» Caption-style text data
'''

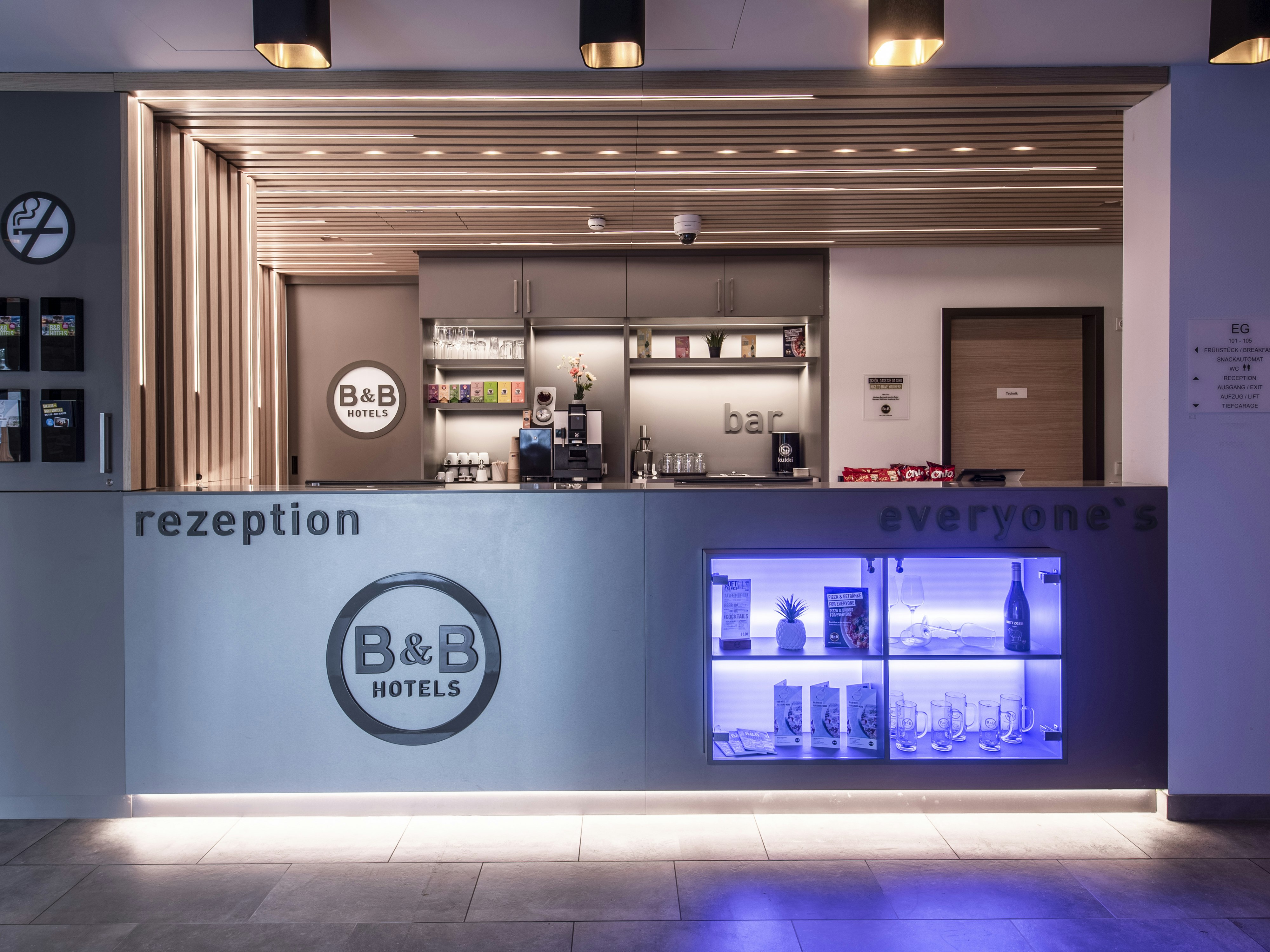 B&B Hotel Augsburg-Nord 3/30
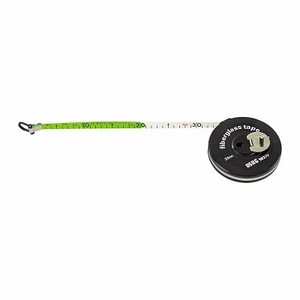 Ruban à mesurer Usag 15M, lame en acier métrique, retour automatique, bouton de verrouillage, boîtier en plastique ABS - Product Image 1
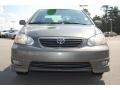 2007 Phantom Gray Pearl Toyota Corolla S  photo #2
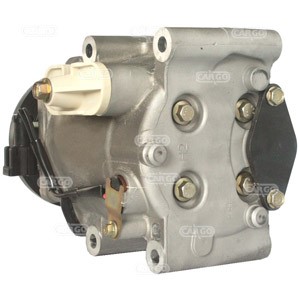 Kompressor, klimatanläggning 12V Hc-cargo 240207 HC-Cargo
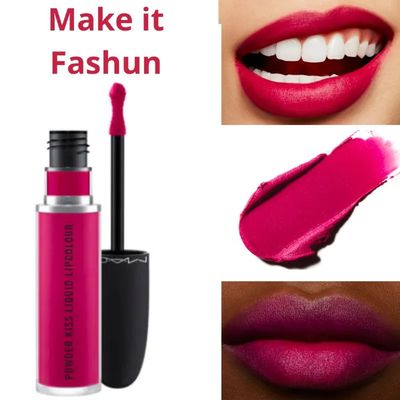 MAC – Powder Kiss Liquid Lipcolour_img_1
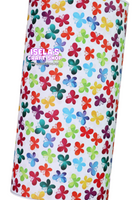 1pc Butterfly Faux Leather Sheet F356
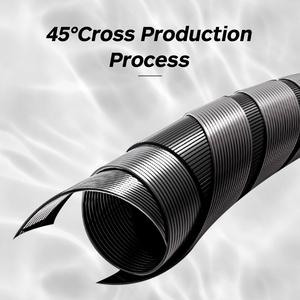 Ustom-caña de pescar de grafito 390, accesorio para baracuda, 3,9 cm - Product Image 6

'''

» Assignment
Above are records with pictures; repeat them exactly, but without the pictures.

» Completed task
 B&B Hotel Augsburg-Nord 3/30
 Ruban à mesurer Usag 15M, lame en acier métrique, retour automatique, bouton de verrouillage, boîtier en plastique ABS - Product Image 1
 2007 Phantom Gray Pearl Toyota Corolla S  photo #2
 Kompressor, klimatanläggning 12V Hc-cargo 240207 HC-Cargo
 MAC – Powder Kiss Liquid Lipcolour_img_1
 1pc Butterfly Faux Leather Sheet F356
 Ustom-caña de pescar de grafito 390, accesorio para baracuda, 3,9 cm - Product Image 6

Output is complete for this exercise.